One year ago today, we launched this Substack. The idea was simple and straightforward: provide a platform for courageous Americans who are willing to speak out against this administration’s abuses. We knew there were still people out there unafraid to take a stand for democracy. We just weren’t hearing from enough of them.
This time last year, large multinational corporations and some of our society’s most prestigious institutions—legacy media companies, Big Law, universities, tech giants—were consciously choosing to self-censor. Worse, many were opting to align themselves with the administration in the hopes that Donald Trump wouldn’t single them out for abuse.
This is how the Trump administration has attempted to consolidate its power—with the active participation of those people and institutions who put fear or expediency over principle. We sought out those people who are doing the exact opposite, and committed ourselves to amplifying their stories. Today, more than 50,000 of you have subscribed to hear from them directly.
These are stories of courage, selflessness, and a stubborn refusal to bend the knee. We want to bring you just a few of them. And if these kinds of pieces inspire you or bring you hope, here’s our only ask: Support our work to help ensure we can continue telling them to the world.
1.) The US citizen and veteran who ICE abducted.
George Retes signed up to defend his country as part of the Global War on Terror. Years later, as Trump put boots on the ground across his native California, George was violently arrested by federal agents. They held him for three days with no charges, no information, and no ability to contact his family.
Then one day, he was simply released without an explanation or an apology. He missed his daughter’s third birthday, and was traumatized by the experience. As a soldier and a patriot, George refused to take all of this lying down. Today, he is suing the federal government over what happened to him—a persistent, living reminder of the need for accountability in the face of state violence.
2.) The brilliant mathematician who was de-funded for no reason.
It’s hard to overstate the brilliance of Terence Tao, a professor in the Department of Mathematics at UCLA who has been called the “Mozart of Math.” He is considered by many to be the greatest mathematician alive. Which is why it was so bewildering when, amid DOGE’s rampage across the federal government, his research funding was abruptly cut off.

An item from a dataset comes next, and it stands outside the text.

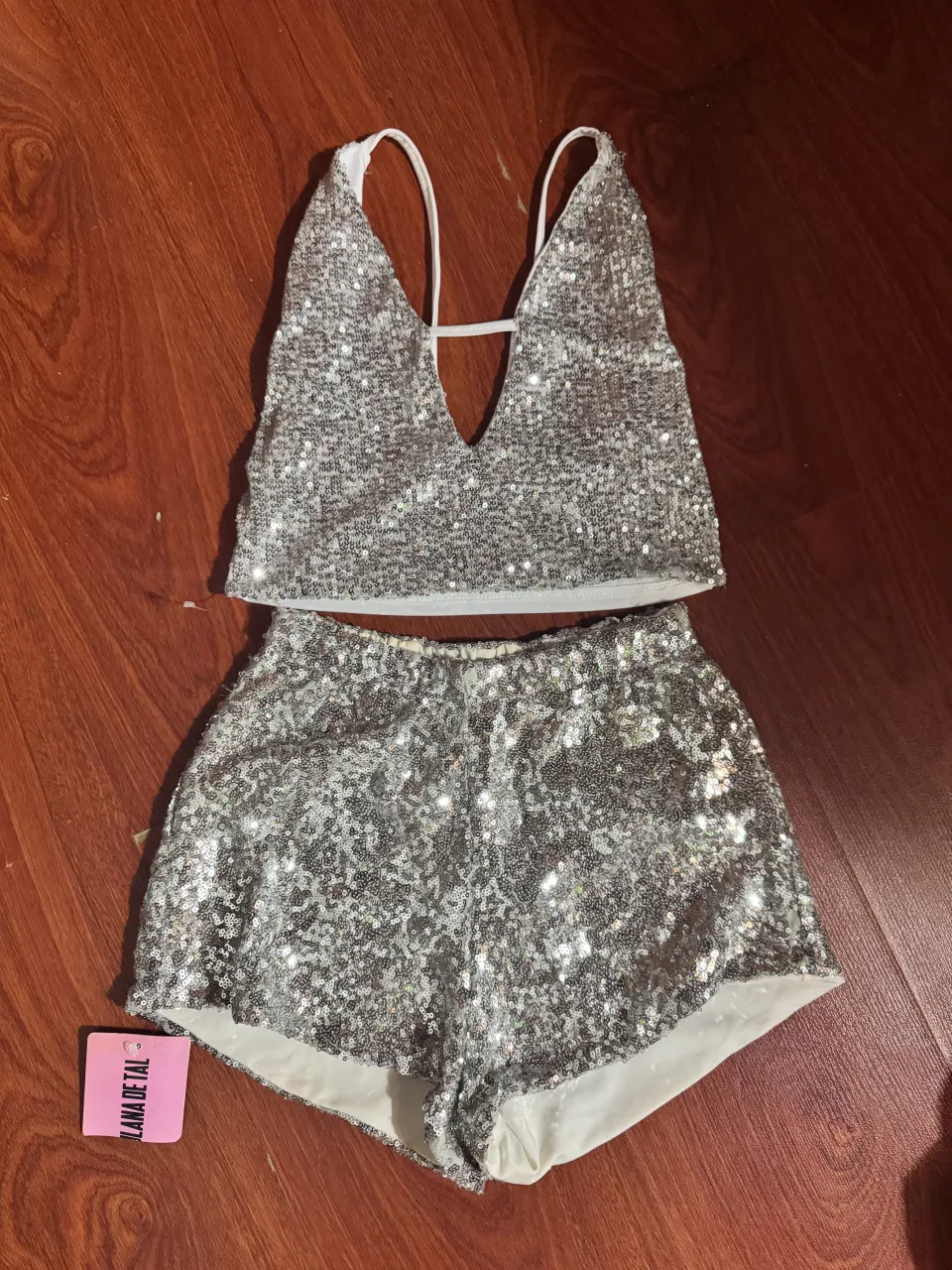 Conjunto de top y shorts plateados con lentejuelas. El top es corto, con escote en V y tiras finas. Los shorts son tiro alto y cortos.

This left Prof. Tao scrambling for other funding sources, and working overtime to protect his research team from the harmful effects of these needless cuts. This all left him discouraged, but refusing to give up—because, as he writes, in the current environment, “the luxury of disengagement is no longer a viable option.”
3.) The tennis star who has lived under totalitarianism.
The legendary Martina Navratilova has seen this movie before: Growing up in communist Czechoslovakia, she saw firsthand what it feels like when an authoritarian regime seizes power and refuses to let go. She came to America in part because it was the one place where she could pursue her craft with total freedom—the place a person could go to become the very best in the world.
Now, she says she’s seeing many of the same worrying signs that alarmed her all those years ago: the strongman rhetoric, the cowardice of elites, the self-silencing, the sense of constantly needing to look over one’s shoulder. That’s why she’s speaking out, in order to ensure that history doesn’t repeat itself here in America.
4.) The general who is speaking out against domestic deployment of troops.
Retired Maj. Gen. Randy Manner served for more than 35 years in the US Army and National Guard, part of a long line of service running through generations of his family. He rose to become the number-two leader in the National Guard Bureau in the Pentagon, which commands the 450,000 citizen-soldiers who help keep our homeland safe.
So when Trump insulted that proud institution by deploying National Guard troops in unfriendly blue cities across the country, Gen. Manner recognized what a uniquely dangerous move it was. Not only did this corrupt the apolitical nature of our armed forces, but it put the young men and women in uniform in direct opposition to their fellow Americans.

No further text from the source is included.